Find the line with "Tony Callaio |" in the records below. Output exactly from there until after the line with "3 Tiers Circle", without pictures.

=== Begin Enclosure ===

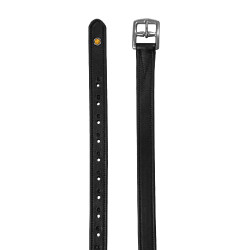 Étrivières en cuir double avec boucles courbées Equestro Noir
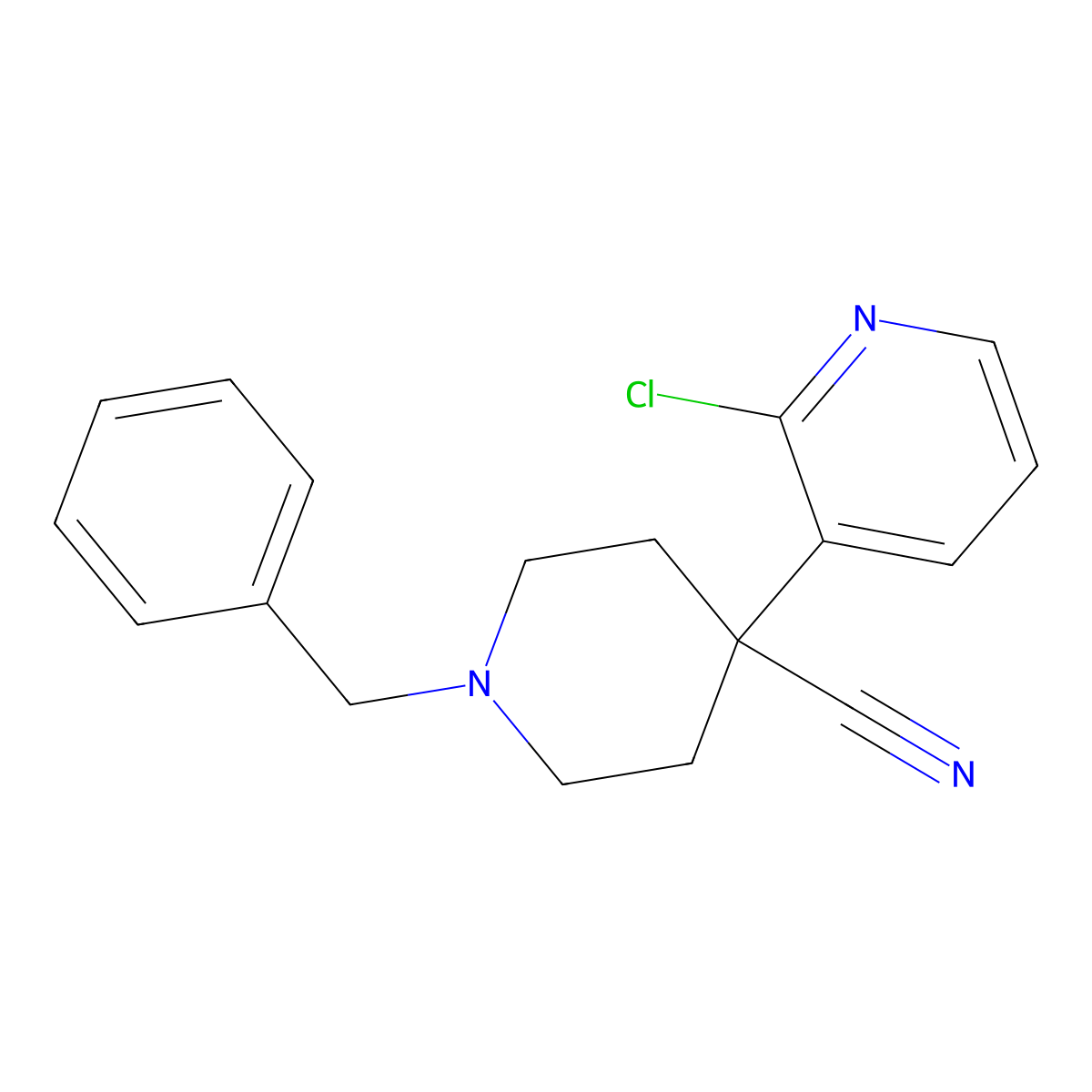 1-Benzyl-4-(2-chloropyridin-3-yl)piperidine-4-carbonitrile molecular structure, CAS 845552-77-4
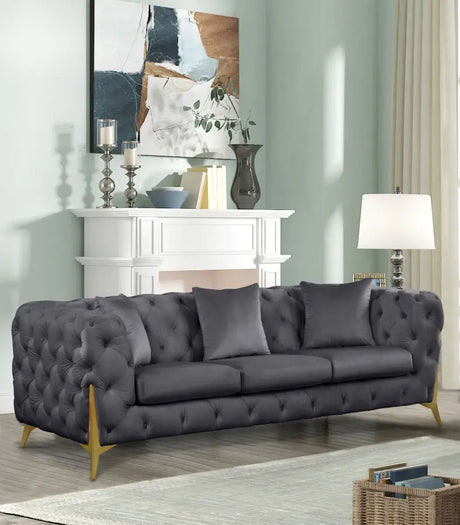 Meridian Furniture - Kingdom Velvet Sofa In Grey - 695Grey-S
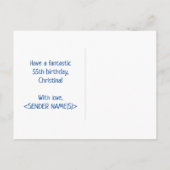 55e verjaardag: Vet, Vun, Eenvoudig, Regenboog 55 Briefkaart (Achterkant)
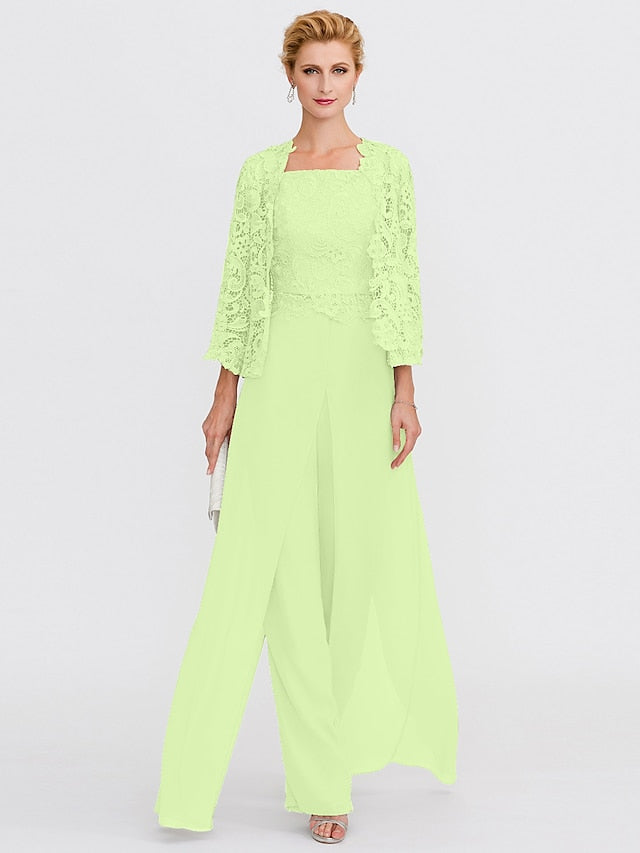 Jumpsuit / Pantsuit Mother of the Bride Dress Formal Plus Size Elegant Square Neck Floor Length Chiffon Corded Lace Sleeveless Wrap Included with Lace Appliques 2023 - LuckyFash™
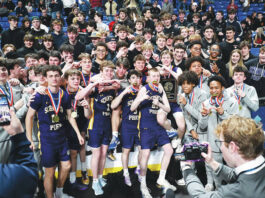 
			
				                                Scranton Prep boys celebrate with the student body after defeating Dallas in the District 2 Class 4A championship game at Mohegan Arena.
                                 Tony Callaio | For Times Leader

			
		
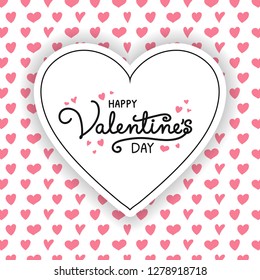 Valentine's Day - concept of a card with beautiful decorations. Vector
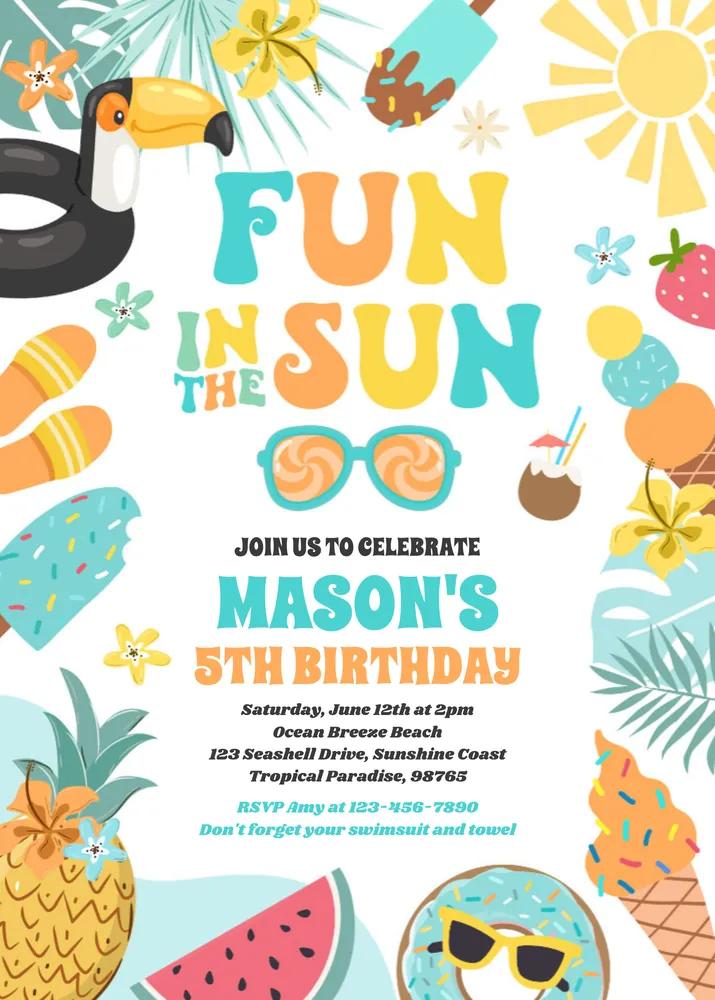 Editable Fun in the Sun Tropical Beach Birthday Invitation Canva Template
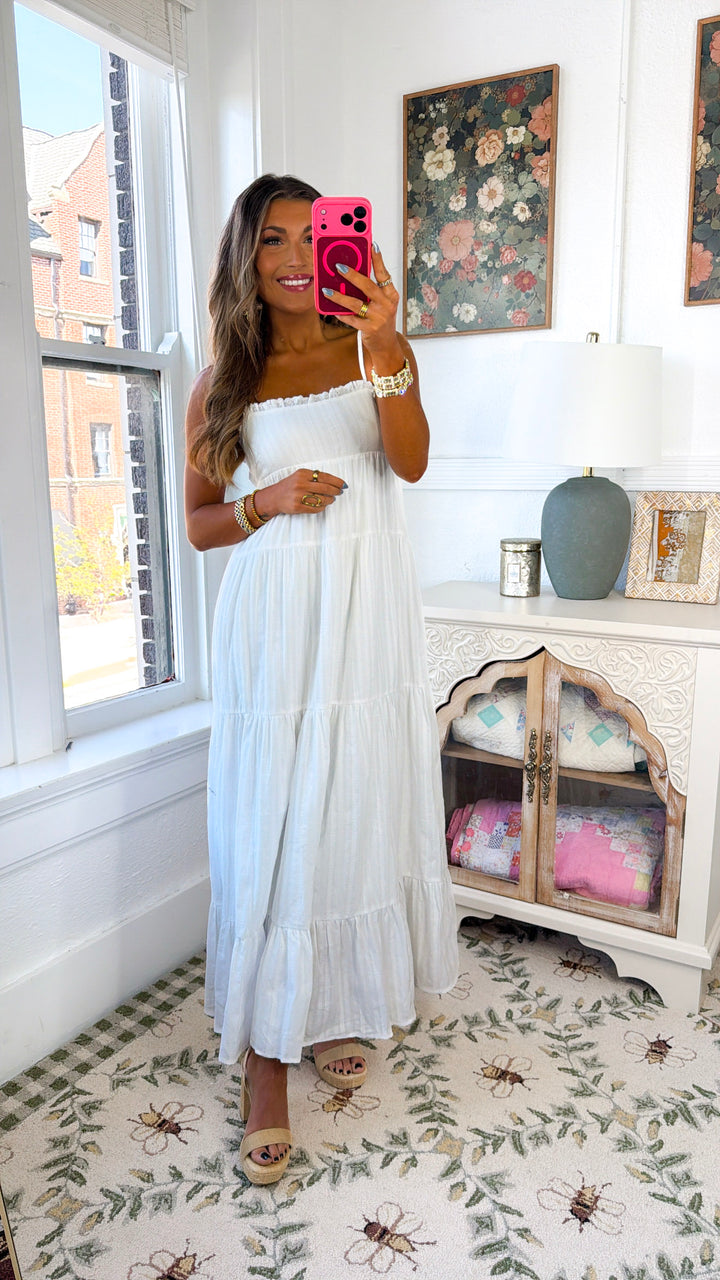 Bailee Open Back Maxi Dress, Off White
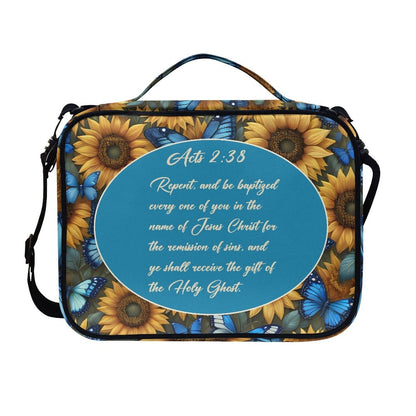 sunflower butterfly bible bag case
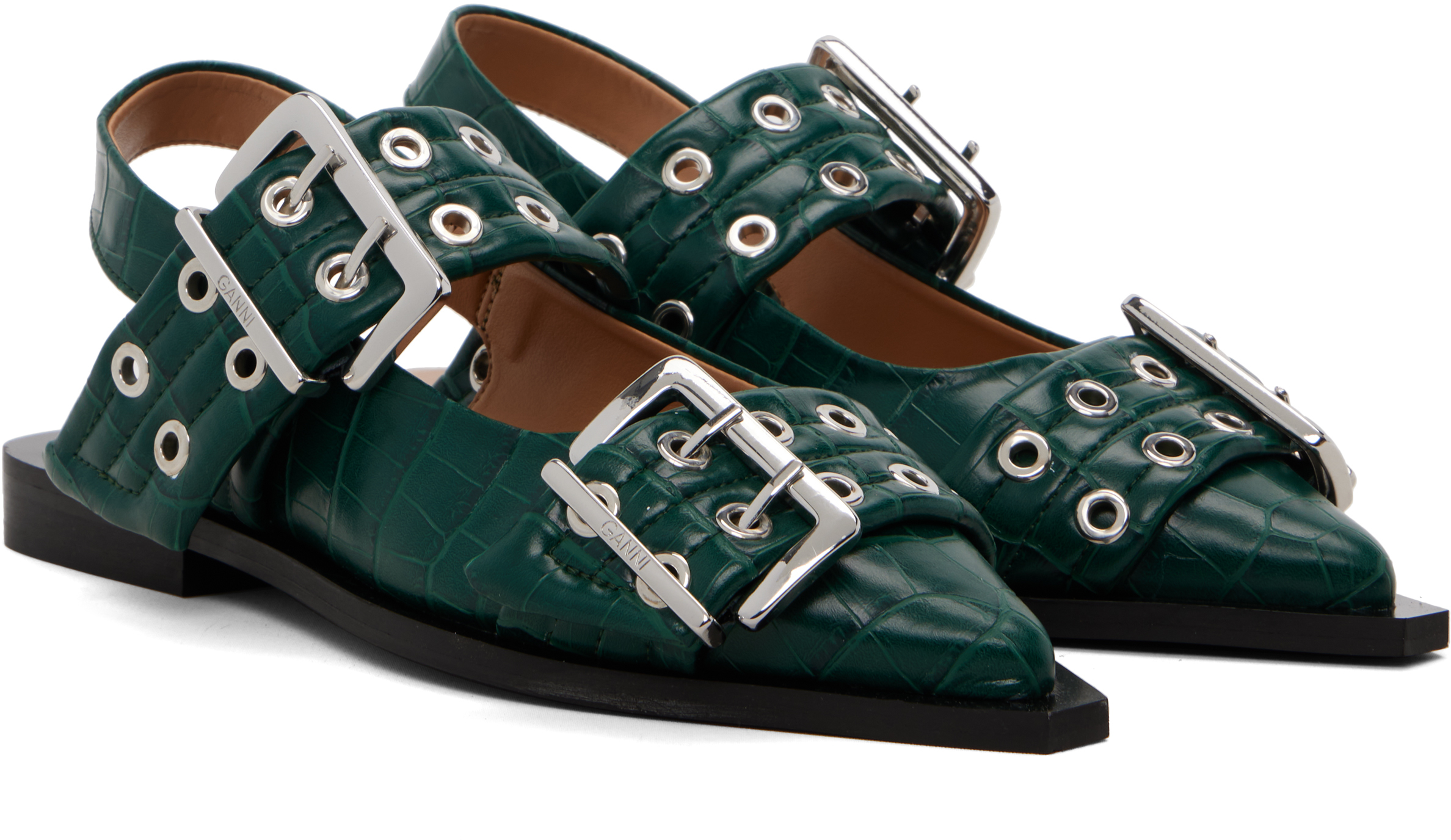 Ganni Green Feminine Buckle Ballerina Flats In Green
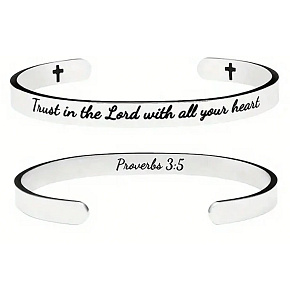 Nerezová oceľ náramok strieborný s gravírovaním Ver v Boha..., otvorená manžeta, 6 mm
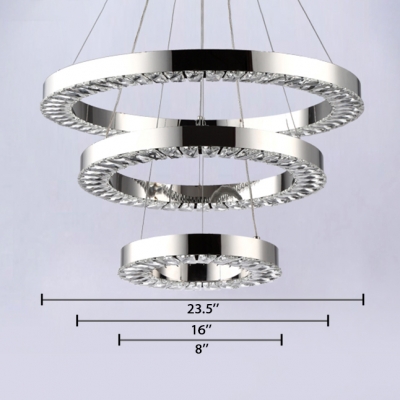 3 Tiers Circle Hanging Light Contemporary Crystal Decorative LED Suspended Light in Chrome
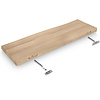 Wandregal Eiche schwebend mit Baumkante-Optik (CNC) - nach Maß - 4 cm (40 mm) dick - Eichenholz A-Qualität (A/B) - Wandboard, inklusive unsichtbarer Halterungen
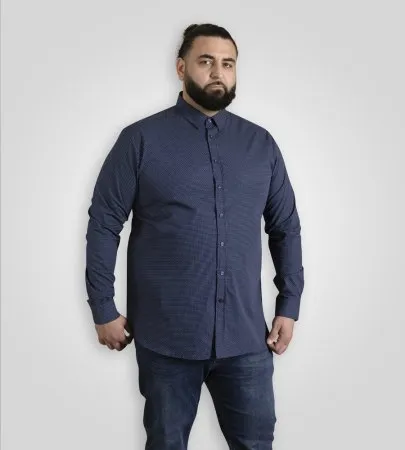 D555 Men's King Size Long Sleeve Shirt - 100% Cotton, Button-Down, Size 6XL Black - View #8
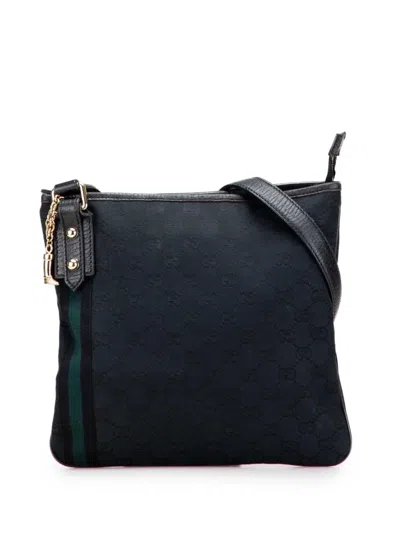 Pre-owned Gucci 2016-2025 Gg Canvas Jolicoeur Crossbody Bag In Black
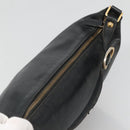 GUCCI Interlocking Shoulder Bag Leather Black Gold 121548 Auth 139643-6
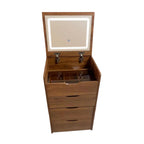 19" Walnut Wood Mirrored Three Drawer Vanity Table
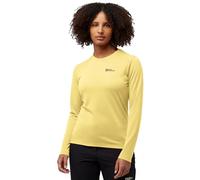 Langarmshirt JACK WOLFSKIN "VONNAN LS T W", Damen, Gr. XXL (48), lemonice, Oberstoff: 100% POLYESTER, Shirts Langarmshirt (76000452-XXL) lemonice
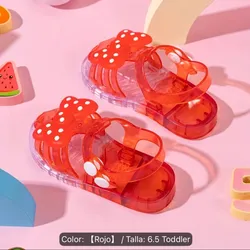 Chancletas de niña, plástica con lazo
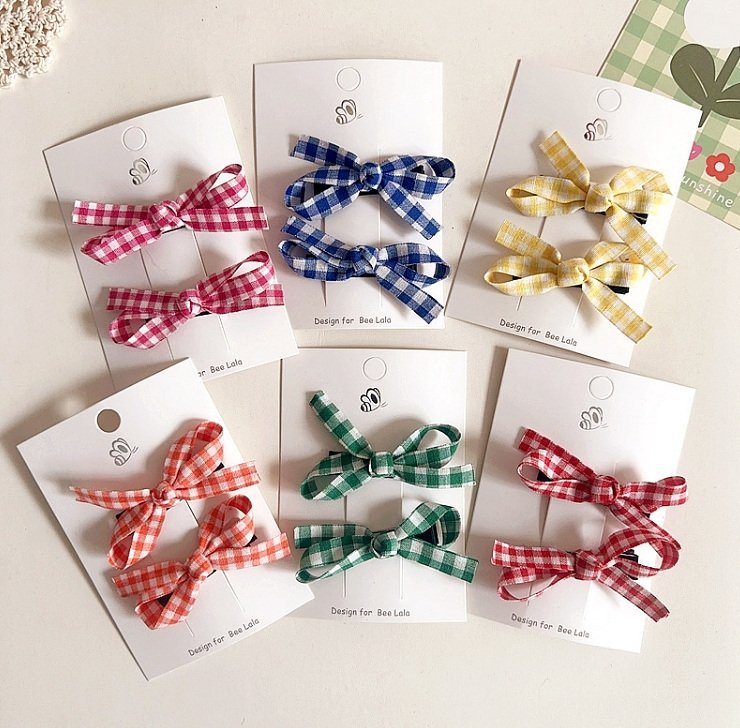 Girls Gingham Bow Snap Hair Clips (2pk) - 6 Colors kids outfit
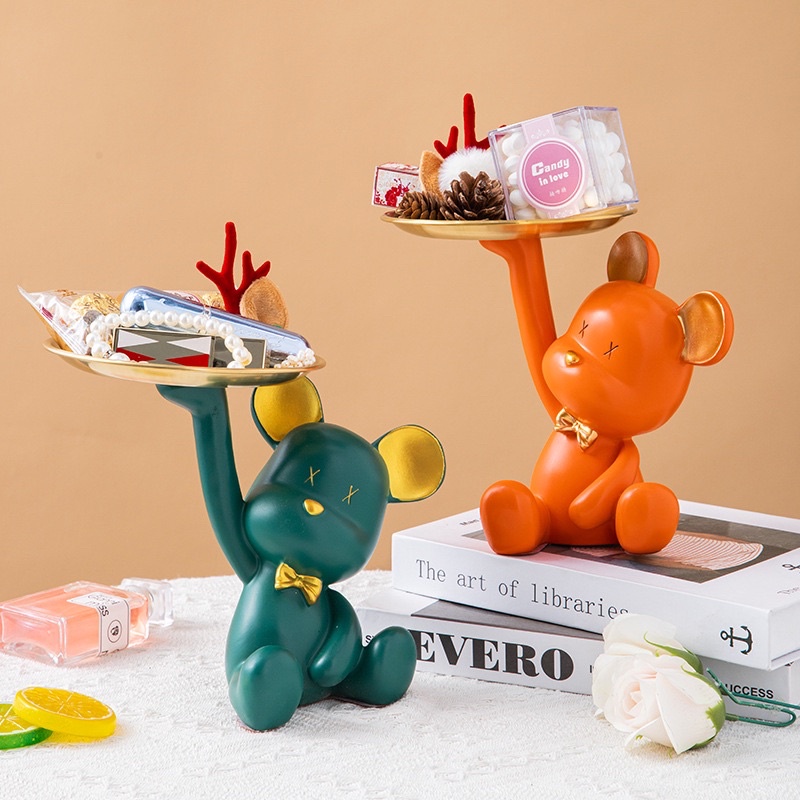 Khay Đựng Trang Sức/chìa khoá Hình Chú Gấu Dễ Thương Để Bàn Trang Trí Nhà Cửa - SHIN STORE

=== End Enclosure ===

ANSWER TO THIS EXERCISE
                                 Tony Callaio | For Times Leader

			
		
 Valentine's Day - concept of a card with beautiful decorations. Vector
 Editable Fun in the Sun Tropical Beach Birthday Invitation Canva Template
 Bailee Open Back Maxi Dress, Off White
 sunflower butterfly bible bag case
 Ganni Green Feminine Buckle Ballerina Flats In Green
 Nerezová oceľ náramok strieborný s gravírovaním Ver v Boha..., otvorená manžeta, 6 mm
 3 Tiers Circle Hanging Light Contemporary Crystal Decorative LED Suspended Light in Chrome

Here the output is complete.